*** Opening of INPUT FOR THIS TASK ***

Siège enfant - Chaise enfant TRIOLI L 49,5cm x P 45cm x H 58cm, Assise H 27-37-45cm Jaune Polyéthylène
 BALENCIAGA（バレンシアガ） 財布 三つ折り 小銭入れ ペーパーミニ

*** Close of INPUT FOR THIS TASK ***
*** Opening of INPUT FOR THIS TASK ***

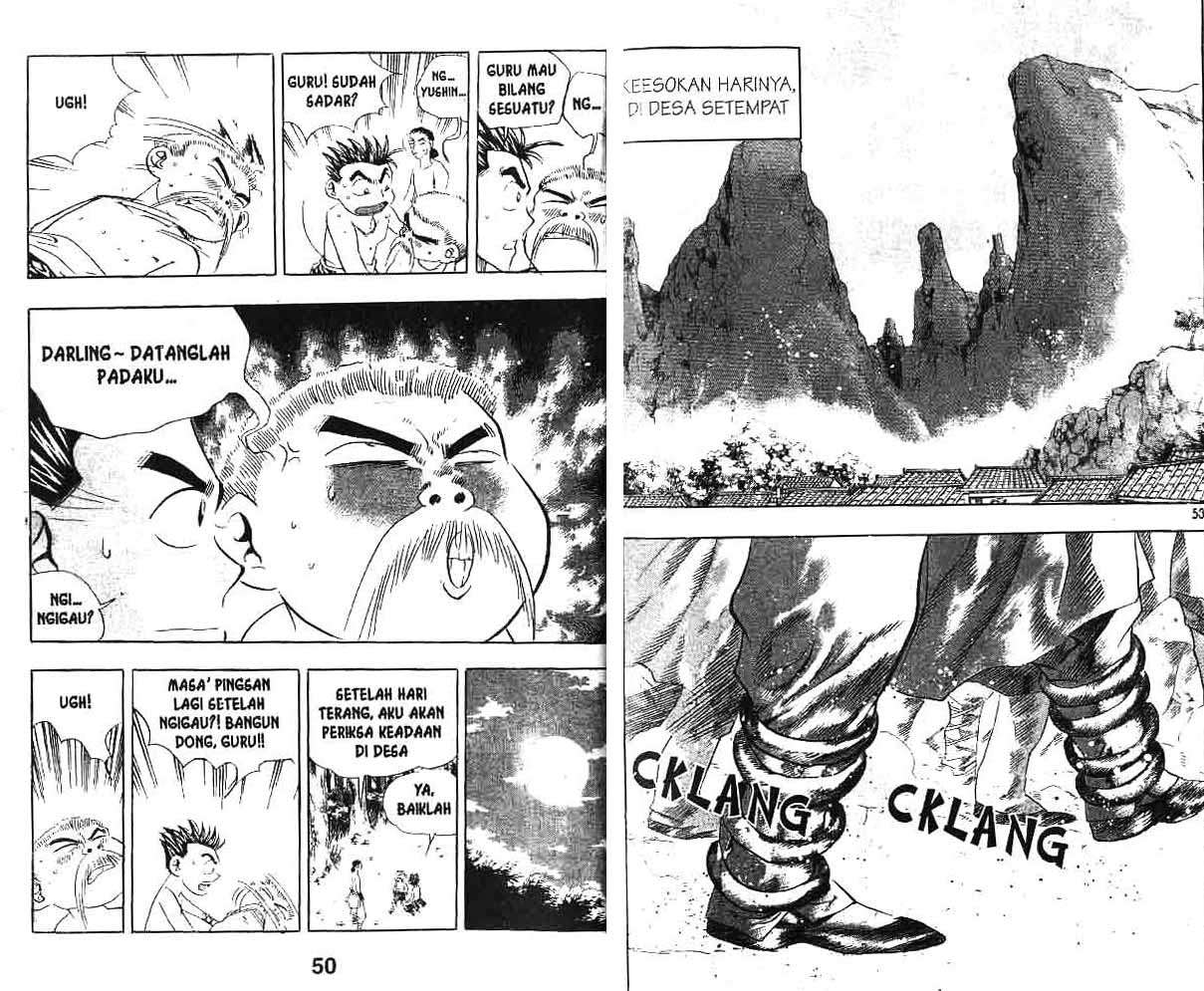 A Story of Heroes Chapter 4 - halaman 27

*** Close of INPUT FOR THIS TASK ***
*** Opening of INPUT FOR THIS TASK ***

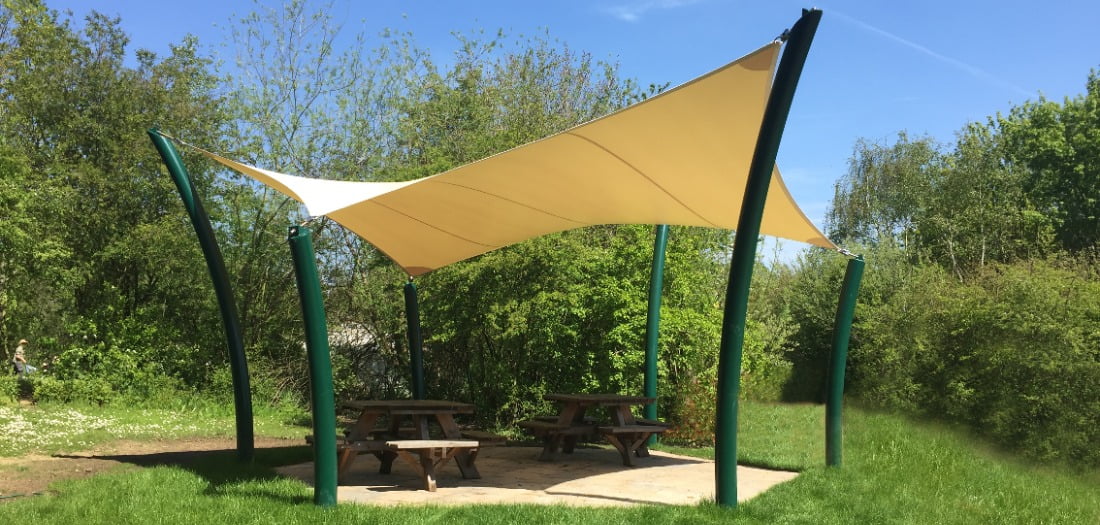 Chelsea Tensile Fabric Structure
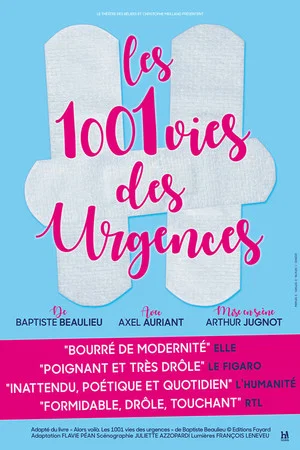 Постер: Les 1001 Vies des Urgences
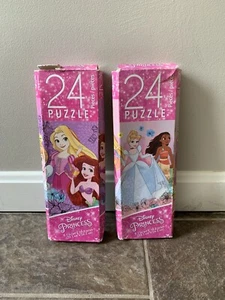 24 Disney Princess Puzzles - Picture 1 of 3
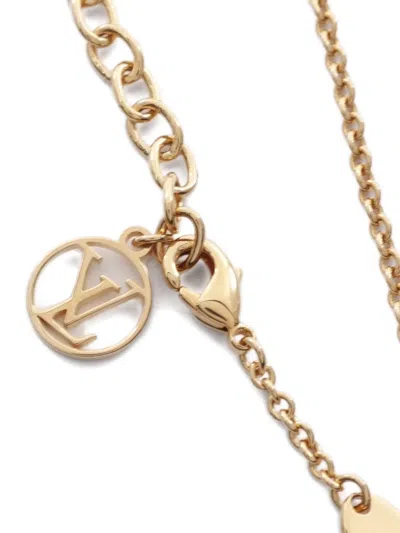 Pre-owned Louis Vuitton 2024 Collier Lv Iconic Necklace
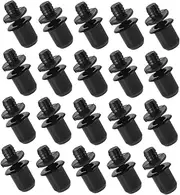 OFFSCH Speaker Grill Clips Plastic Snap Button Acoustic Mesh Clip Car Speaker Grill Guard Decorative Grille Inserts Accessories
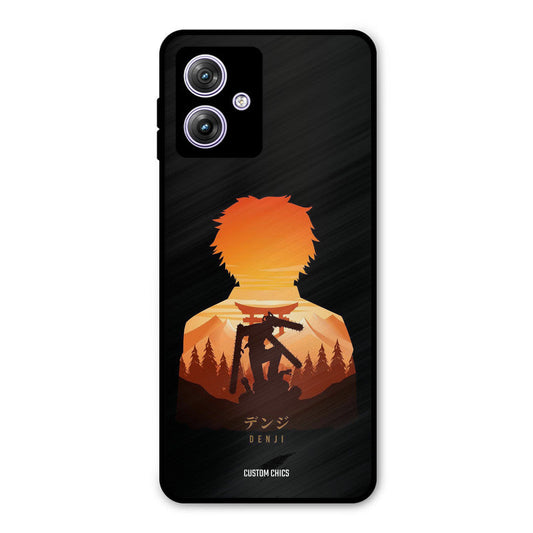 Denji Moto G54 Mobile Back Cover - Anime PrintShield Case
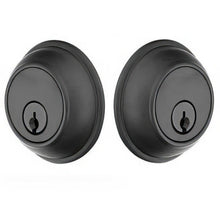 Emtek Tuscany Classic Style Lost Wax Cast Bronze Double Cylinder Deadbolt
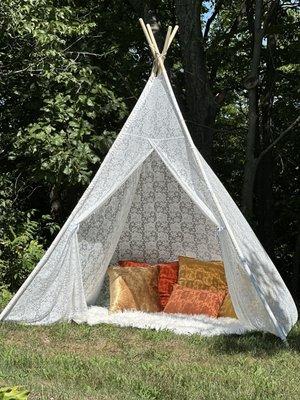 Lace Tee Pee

*** Close of INPUT FOR THIS TASK ***

PROBLEM DETAILS:
The required output is every line above from the one with "Siège enfant - Chaise" down to the one with "BALENCIAGA（バレンシアガ） 財布 三つ折り 小銭入れ ペーパーミニ", restated word for word, ends included.

OUTPUT:
Siège enfant - Chaise enfant TRIOLI L 49,5cm x P 45cm x H 58cm, Assise H 27-37-45cm Jaune Polyéthylène
 BALENCIAGA（バレンシアガ） 財布 三つ折り 小銭入れ ペーパーミニ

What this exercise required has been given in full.